The Cossacks, 17th, 18th C. Poland : Era of Liberty, 1652-1772




Polish-Ottoman War, 1672-1676




A.) Prehistory

The Treaty of Andrussovo 1667 ended decades of warfare which had been devastating for the Commonwealth of Poland-Lithuania, and also had exhausted her resources. The larger part of her armed force was disbanded. In this situation, a combined force of Tatars and Cossacks invaded, between 20,000 and 30,000 strong. Expecting an opportunity to raid and plunder, they were prevented from doing so by Polish forces inferior in number, under the command of Jan Sobieski (the future King of Poland).


B.) The War

Khan Ghiray of the Crimean Tatars now renewed his oath of allegiance to the Ottoman Sultan; thus an irregular border conflict formally was elevated into a regular war. In 1671 another combined Cossack-Tatar invasion again was stopped and repelled by Sobieski's Polish forces, inferior in number.
In 1672 an Ottoman Army, strength 80,000 men, entered the scene. The fortress of Kamieniec Podolski surrendered. While the Polish Sejm refused the funds to raise an army, Sobieski's forces were inadequate to meet the challenge, although they inflicted a defeat on the Tatar forces allied to the Turks. Poland, in the TREATY OF BUCZACZ 1672, ceded Podolia to the Ottoman Empire, and agreed to pay tribute to the High Porte.
The Treaty of Buczacz finally caused the Sejm into action; it refused ratification and granted funds, with which a force over 37,000 strong was raised. Jan Sobieski now took the offensive, took Chocim, the largest Ottoman garrison in the region. The Polish forces then dwindled away (desertions etc.) and the Ottomans resumed the offensive. In 1675 the Ottomans brought in a fresh force of 200,000. Failing to raise a new force, Poland signed the TREATY OF ZORAWNO which in effect confirmed the cession of Podolia to the Ottoman Empire (1676).

C.) Analysis and Legacy

The devastating wars of the previous decades had considerably weakened Poland-Lithuania. The Sejm, the Commonwealth's parliament, throughout the war refused the funds to raise an army; the Polish and Lithuanian magnates (many of whom with estates far from the area affected by the war) valued their own purses higher than the security of the country. On the Polish side the fighting was done by a force privately financed by Jan Sobieski.
It was this apparent inability to defend herself that invited foreign forces to enter the scene; the Ottoman forces throughout the war never were seriously at risk; in 1672 Podolia was an easy gain. When the Sejm finally granted the funds, it did not act consistently; once an army was raised and initial successes were achieved, soldiers were left unpaid and desertions on a mass scale negatively affected the Polish cause.
Jan Sobieski gained reputation as an able, courageous commander and a patriot, having invested part of his personal fortune in the defense of the commonwealth. In 1674 he was elected King of Poland, a position far less powerful than that of his colleagues in England or France, as his failure to get Sejm approve the funds for yet another army indicates.

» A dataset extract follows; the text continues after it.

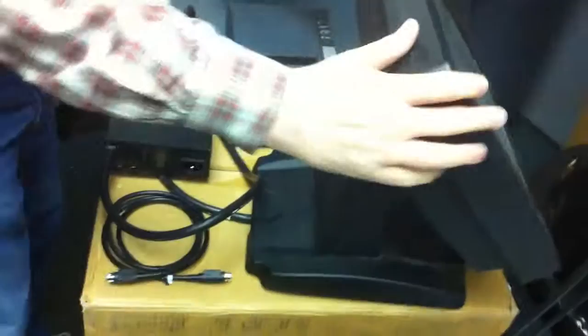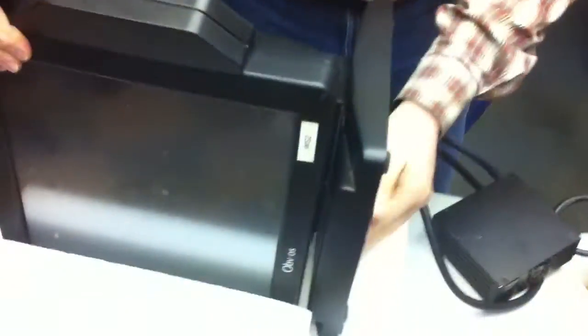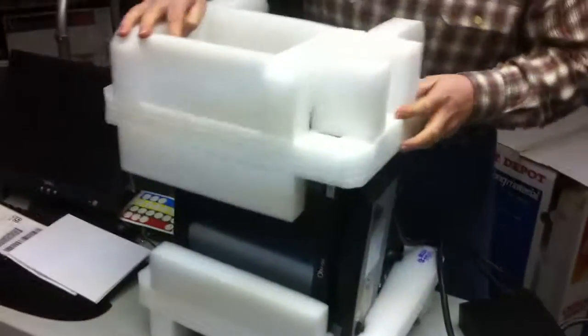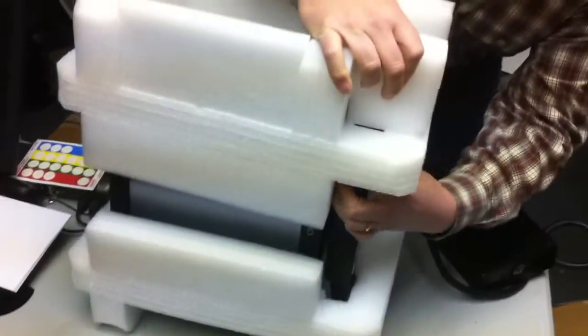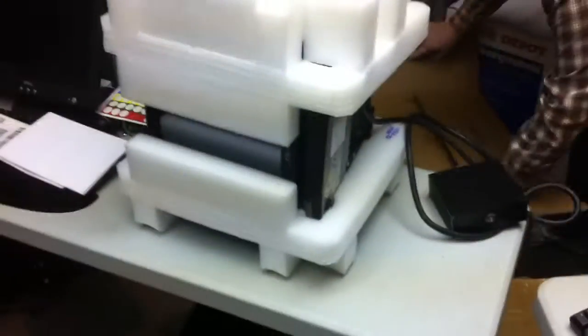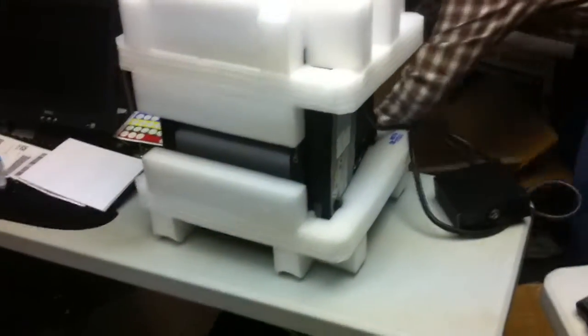John is going to show you how to pack up the Obvious unit in the box provided. You'll be receiving boxes with return labels. The first thing you'll do is make sure that the Obvious is set mostly upright. When you go to put it in the styrofoam, it should be pretty obvious which way it fits. There are two pieces of styrofoam, and John's going to pack that one in on the top. You can adjust the base to get a good fit. As you go to grab the Obvious unit to put it in the box, make sure that the power supply goes with it and it doesn't bang around too much.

When Ottoman forces laid siege to Vienna in 1683, Polish King Jan Sobieski lead a Polish force to relieve the city, defeated the foe in the Battle of Kahlenberg and regained Podolia (Treaty of Karlowitz, 1699).


EXTERNAL
FILES
Note : the spelling of personal and placenames differs considerably, according to the nationality of the respective author (Polish, Ukrainian, German, Turkish etc.).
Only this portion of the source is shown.